El problema es precisamente este: la no percepción del vínculo entre el "interés desinteresado" de lo que los promotores entienden por cultura y que deba realizarse defendiendo los intereses de las "industrias culturales". Dicho en otros términos: que la cultura para vivir esté solo en manos de los que viven de la cultura. Hemos leído que "Podemos se echará a las calles si hay otra muerte más por cortes de luz" y resulta difícil imaginar que lo haga si se le deniega la pensión a un poeta. Más allá de la necesidad hay una cierta sabiduría popular cuando en períodos de crisis económica no se organizan protestas por la disminución de premios literarios, minoración de las dietas a los jurados, restricciones al turismo académico disfrazado de Congreso, y se pregunta qué pintan los costosos museos provincianos de Arte Contemporáneo vacíos a diario excepto los días de inauguración y clausura que echan algo de comer.

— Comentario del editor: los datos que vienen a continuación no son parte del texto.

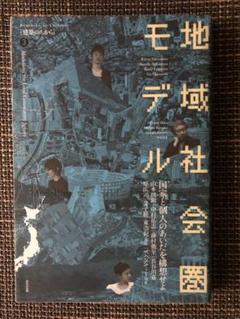 地域社会圏モデル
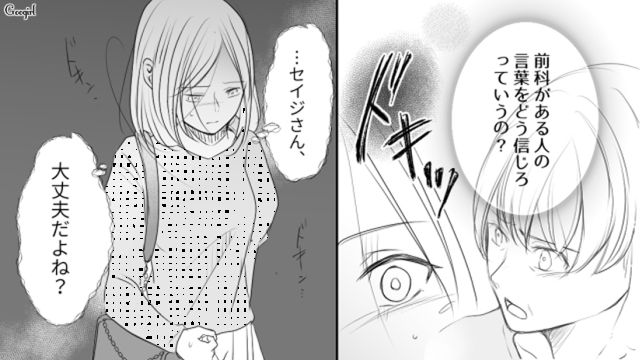 「前科がある人をどうやって信じろって言うの？」母の反対で略奪婚の現実を思い知った話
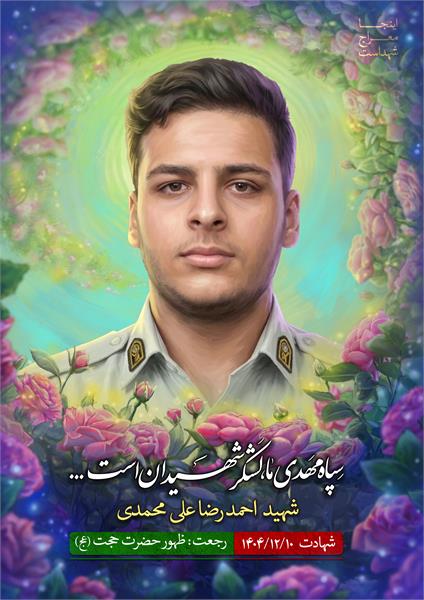شهید احمد رضا علی محمدی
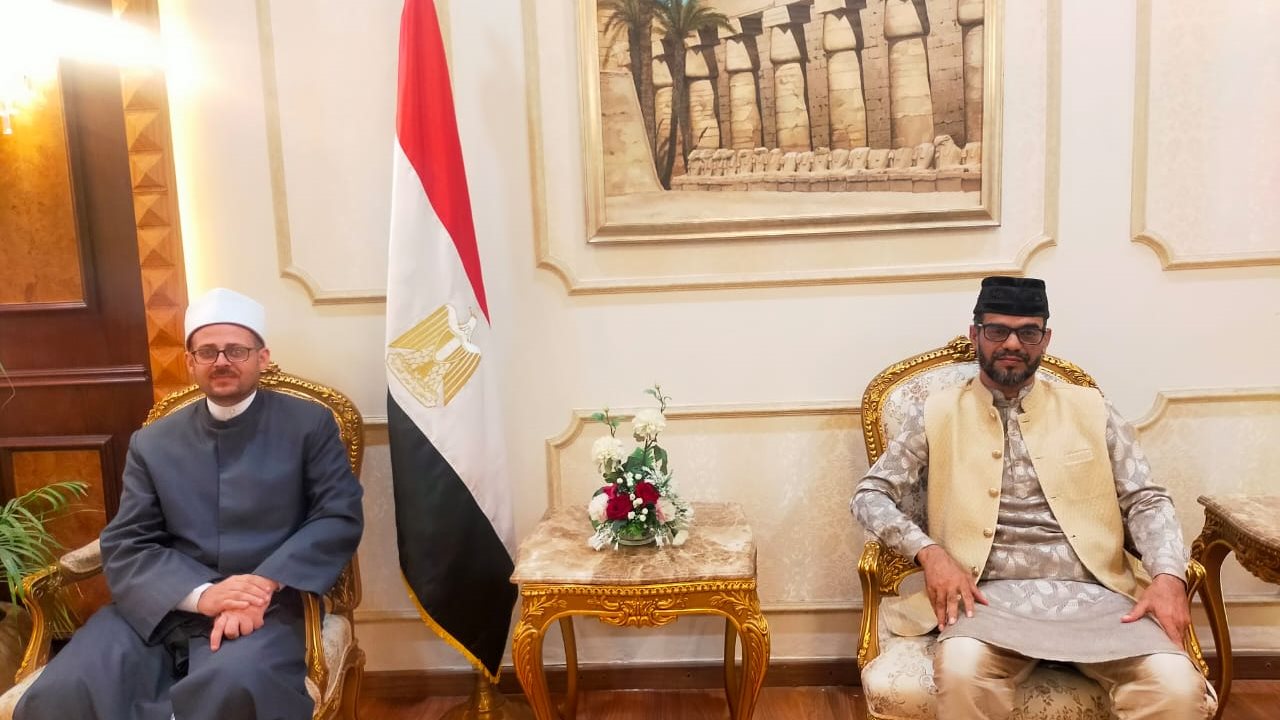المؤتمر الدولي الثالث والثلاثين للأعلى للشئون الإسلامية 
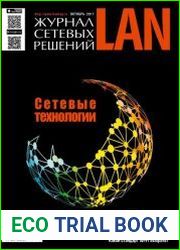 Журнал сетевых решений LAN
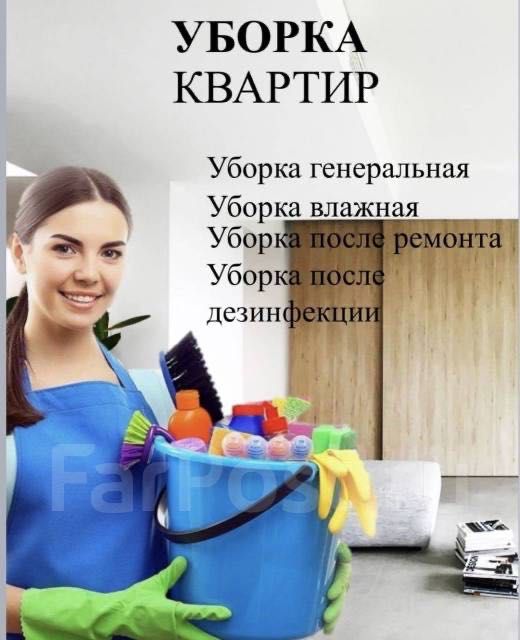 Уборка квартир , домов , коттеджей . Все виды уборок . Алматы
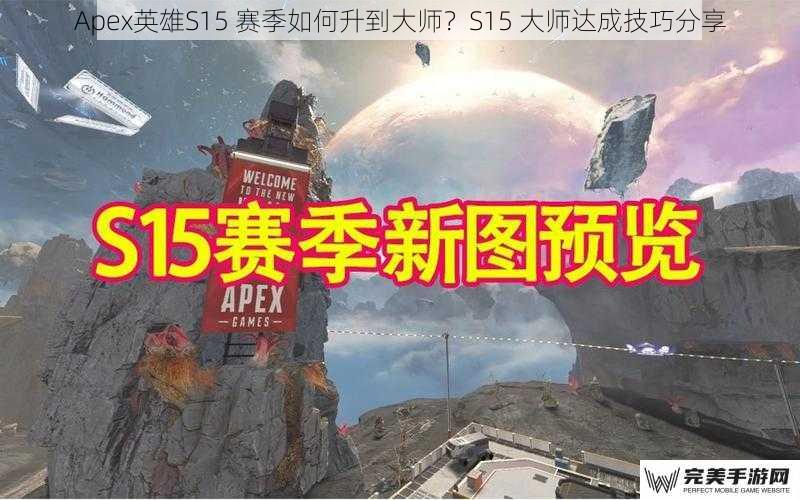 Apex英雄S15 赛季如何升到大师？S15 大师达成技巧分享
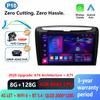 CPU A76-ASR8662 Android 16 Carplay For Lancia Ypsilon 2012 - 2020 Car Radio Multimedia Video Player Navigation Wifi Dash Cam DVD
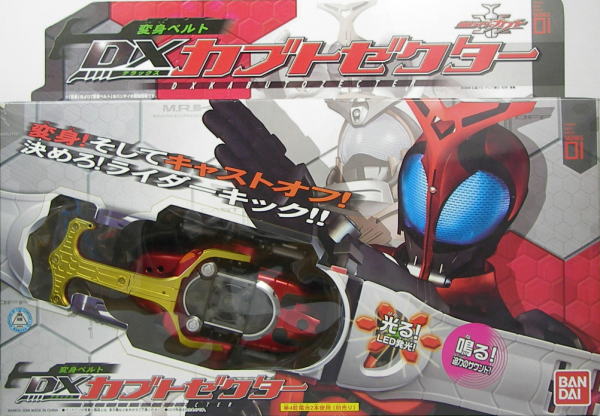 変身ベルトDXカブトゼクター 玩具レビュー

Todas las reivindicaciones, "siguiendo el modelo francés", parecen resumirse en una: que vuelva el Ministerio de Cultura separándose de Educación. Habría que pensarlo más toda vez que el verdadero problema radica en que a la cultura le falta educación y a la educación cultura. En la carta manifiesto se mezcla a los creadores, mediadores, gestores (a veces son la misma persona en la era posverdad) y el Estado benefactor y legislador (critican su "indolencia legislativa"). Lo que falta son los supuestos destinatarios de tamaño esfuerzo y ambición: los ciudadanos. Se suele confundir educación con difusión y se prefieren las grandes y vistosas exposiciones a las pequeñas y múltiples participaciones ciudadanas; debería obligarse a que los "creadores" (siempre que no les entren unas ínfulas posrománticas) acompañen a los "recreadores" interesados explicando su taller y proceso creativo: ninguna exposición sin educación como la única manera de que haya cultivo y fructifique algo, es decir, cultura. Lo contrario es una cultura de espectadores, todo lo más "emancipados" a costa de conferencias ombligueras. Por otra parte, la educación debe incorporar la cultura, no como materia, sino como espíritu de comunicación, de comunidad. Es sabido que los universitarios somos de las personas más incultas del planeta: sabemos un poco de lo nuestro y casi nada de los demás. Una política cultural universitaria no debería consistir en la organización de actos sino en el acto de favorecer la comunicación de los saberes entre ellos mismos y, sobre todo, a la sociedad como reza en la mayor parte de los Estatutos.
Las nuevas tecnologías ofrecen a los ciudadanos unas posibilidades culturales increíbles. Tan solo hace falta cribar y mucha paciencia. Y no hacer caso: cualquier tonto puede afirmar que la culpa de todo la tienen las redes sociales. Cuídense más de estos otros: "la cultura es la herencia de una larga historia". A nada que se despisten les hacen un griego.